##### Extracted data #####

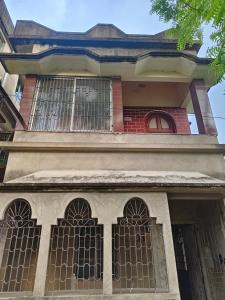a building with barred windows on the front of it at Pranusree Holiday Home in kolkata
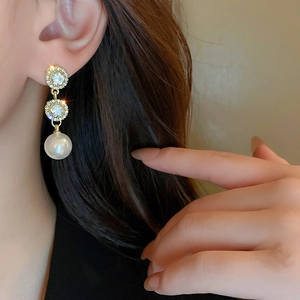 Detailed view of elegant gold drop earrings with sparkling rhinestones and white pearls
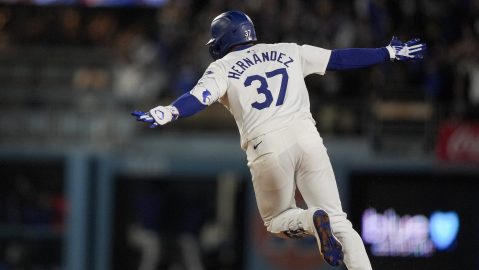 Los Angeles Dodgers' Teoscar Hernandez celebrates after hitting a walk-off single to score Freddie Freeman during the ninth inning of a baseball game against the Arizona Diamondbacks, Tuesday, July 2, 2024, in Los Angeles. (AP Photo/Ryan Sun)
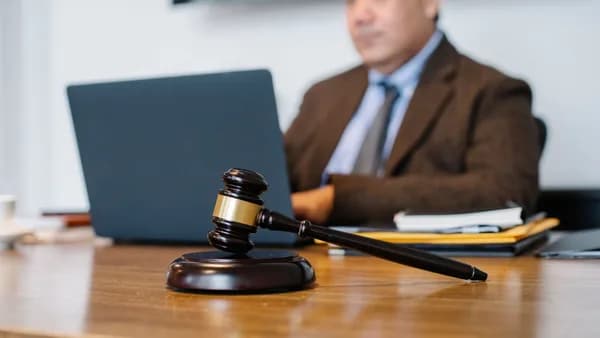 Crop concentrated Asian male judge in formal clothes sitting using modern netbook while working in law office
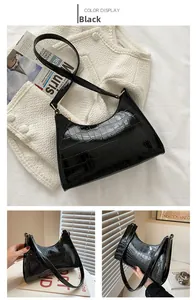 Detail view of black faux crocodile skin pattern on classic crescent shoulder bag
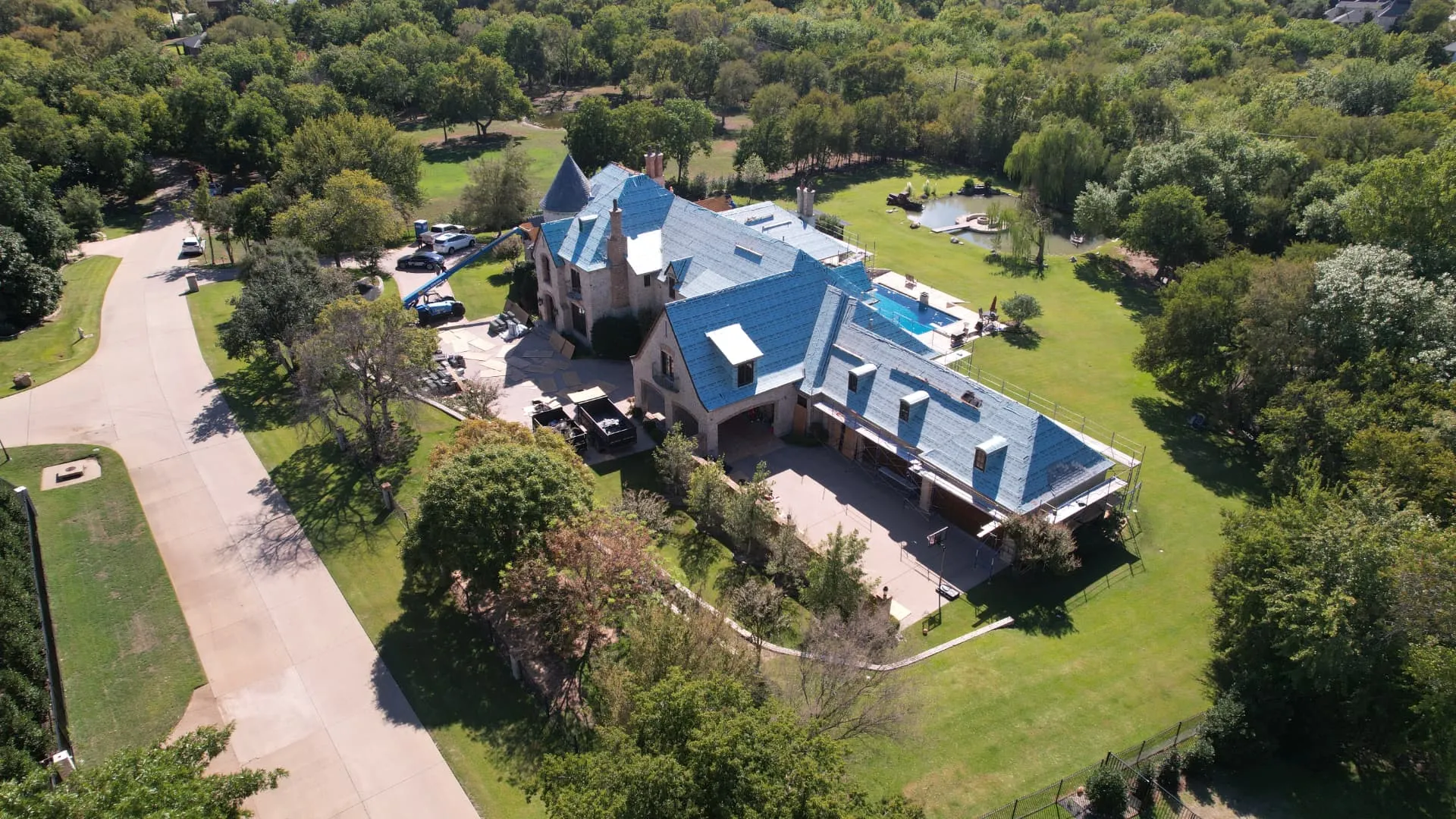 Aerial view of a DFW roof replacement project by Good Faith Roofing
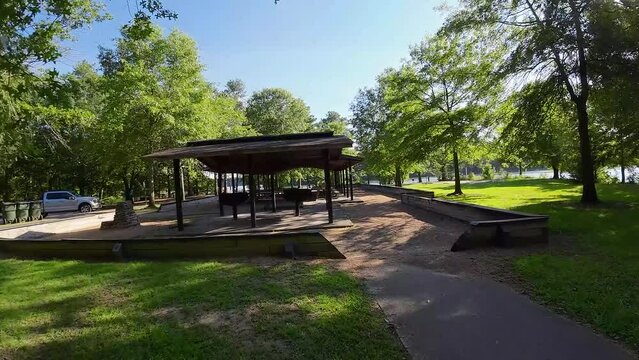 aerial FPV footage of a gorgeous summer landscape at Proctor Landing park with a lake, lush green trees, grass and plants with blue sky and clouds at Lake Acworth in Acworth Georgia USA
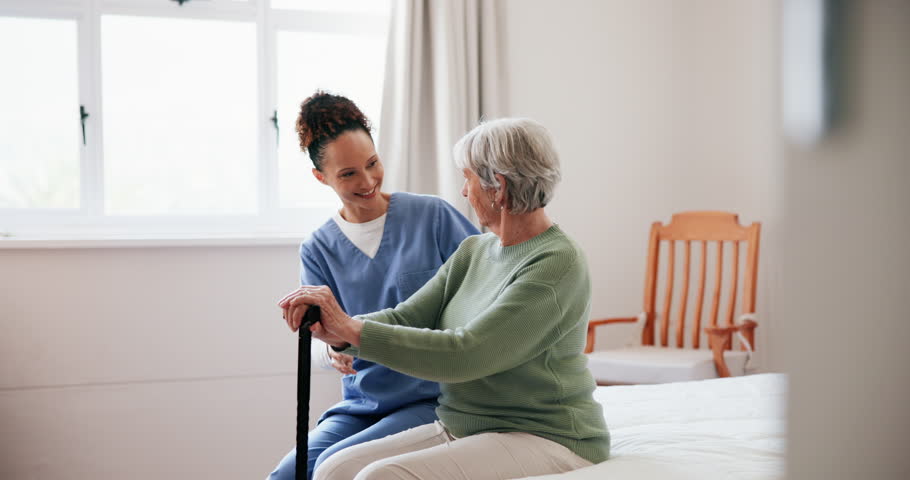 Caregiver, senior woman and help in bedroom at nursing home with cane for walking. People, nurse and pensioner in conversation at retirement house for support, care and healthcare with smile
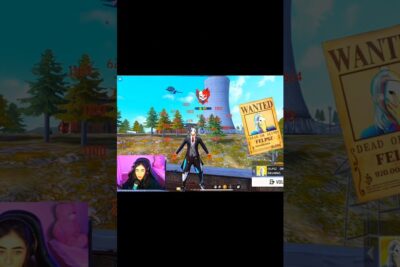 Colorful in-game scene with a masked character, damage indicators and a streamer webcam overlay a definere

#####

Please print the records above once more, word for word, omitting all pictures.

a building with barred windows on the front of it at Pranusree Holiday Home in kolkata
 Detailed view of elegant gold drop earrings with sparkling rhinestones and white pearls
 Los Angeles Dodgers' Teoscar Hernandez celebrates after hitting a walk-off single to score Freddie Freeman during the ninth inning of a baseball game against the Arizona Diamondbacks, Tuesday, July 2, 2024, in Los Angeles. (AP Photo/Ryan Sun)
 Crop concentrated Asian male judge in formal clothes sitting using modern netbook while working in law office
 Detail view of black faux crocodile skin pattern on classic crescent shoulder bag
 Aerial view of a DFW roof replacement project by Good Faith Roofing
 aerial FPV footage of a gorgeous summer landscape at Proctor Landing park with a lake, lush green trees, grass and plants with blue sky and clouds at Lake Acworth in Acworth Georgia USA
 Caregiver, senior woman and help in bedroom at nursing home with cane for walking. People, nurse and pensioner in conversation at retirement house for support, care and healthcare with smile
 Colorful in-game scene with a masked character, damage indicators and a streamer webcam overlay a definere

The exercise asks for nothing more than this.